COVID Regulatory and Tax Updates

Tax Savings Opportunities from the CARES Act

  • John Werlhof
  • 3/31/2020

Key insights

  • The Coronavirus Aid, Relief, and Economic Security (CARES) Act is the largest stimulus package in our nation’s history.
  • Among other things, the CARES Act provides tax relief for businesses and individuals.
  • You may be able to take advantage of a number of tax savings opportunities.

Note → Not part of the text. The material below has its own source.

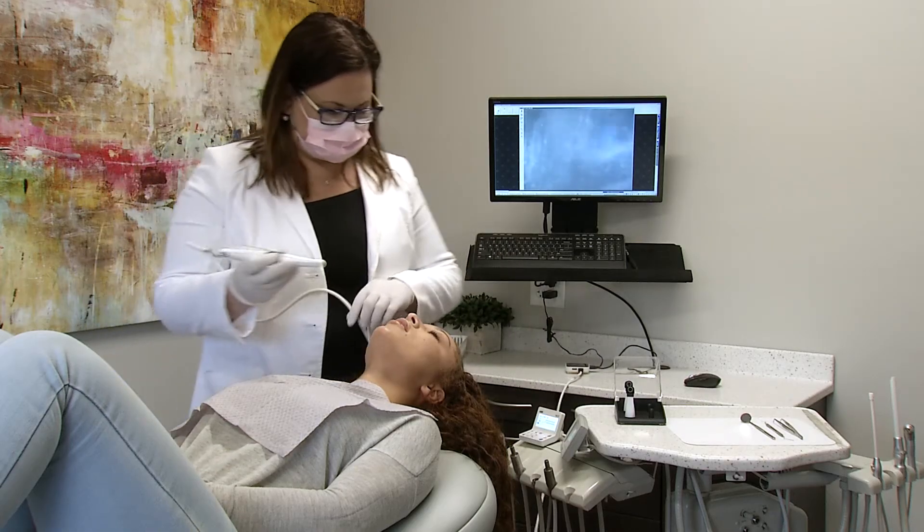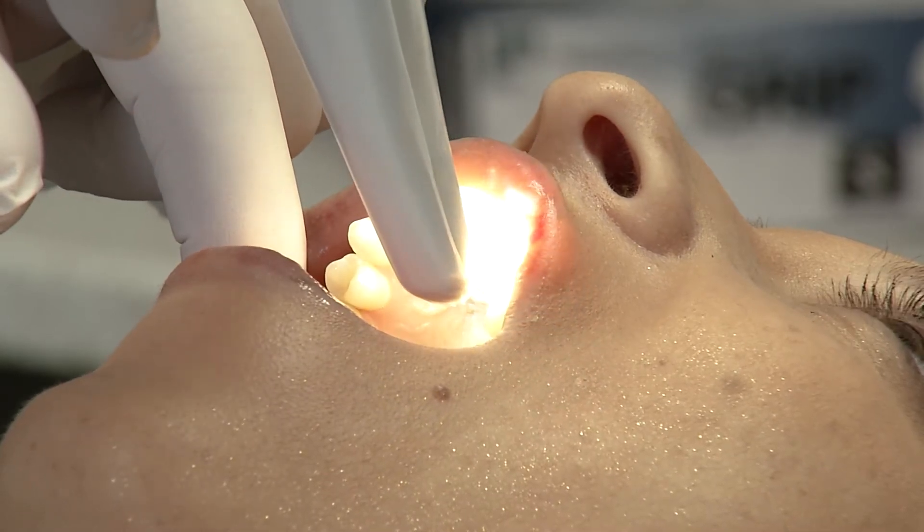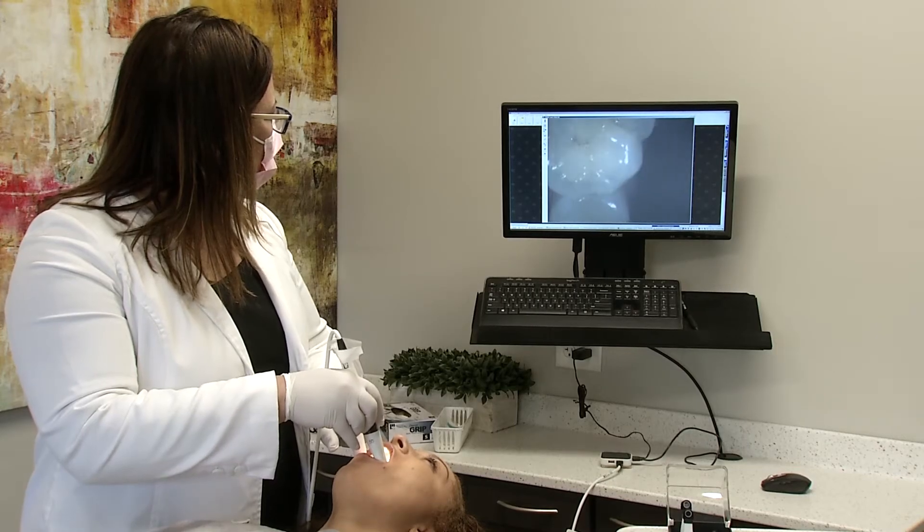The CAM-X Triton HD provides autofocus and HD image quality. It's lightweight and provides sharp and brilliant images with one-click autofocus from any distance. It's a great aid in diagnosis and the early detection of interproximal caries without the use of X-ray radiation.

On March 27, President Trump signed the Coronavirus Aid, Relief, and Economic Security (CARES) Act, the third phase of legislation aimed at fighting the COVID-19 pandemic and mitigating the related economic harm for families, workers, and businesses. It’s the largest stimulus package in history, with an estimated cost of $2.2 trillion. The CARES Act, among other things, provides “recovery rebates” to individuals, expands and enhances unemployment benefits, extends loans and loan guarantees to eligible businesses, offers funding for the healthcare and education systems, and provides tax relief for businesses and individuals. Read on to learn about the business and individual tax provisions of the CARES Act and how you can take advantage of available savings.

Business provisions

Deferral of employer Social Security tax

You can generally defer the employer share of the 6.2% Social Security tax on wages paid from March 27, 2020, through December 31, 2020, with 50% due on December 31, 2021, and 50% due on December 31, 2022. A similar rule applies to 50% of the self-employment tax liability of partners and sole proprietors.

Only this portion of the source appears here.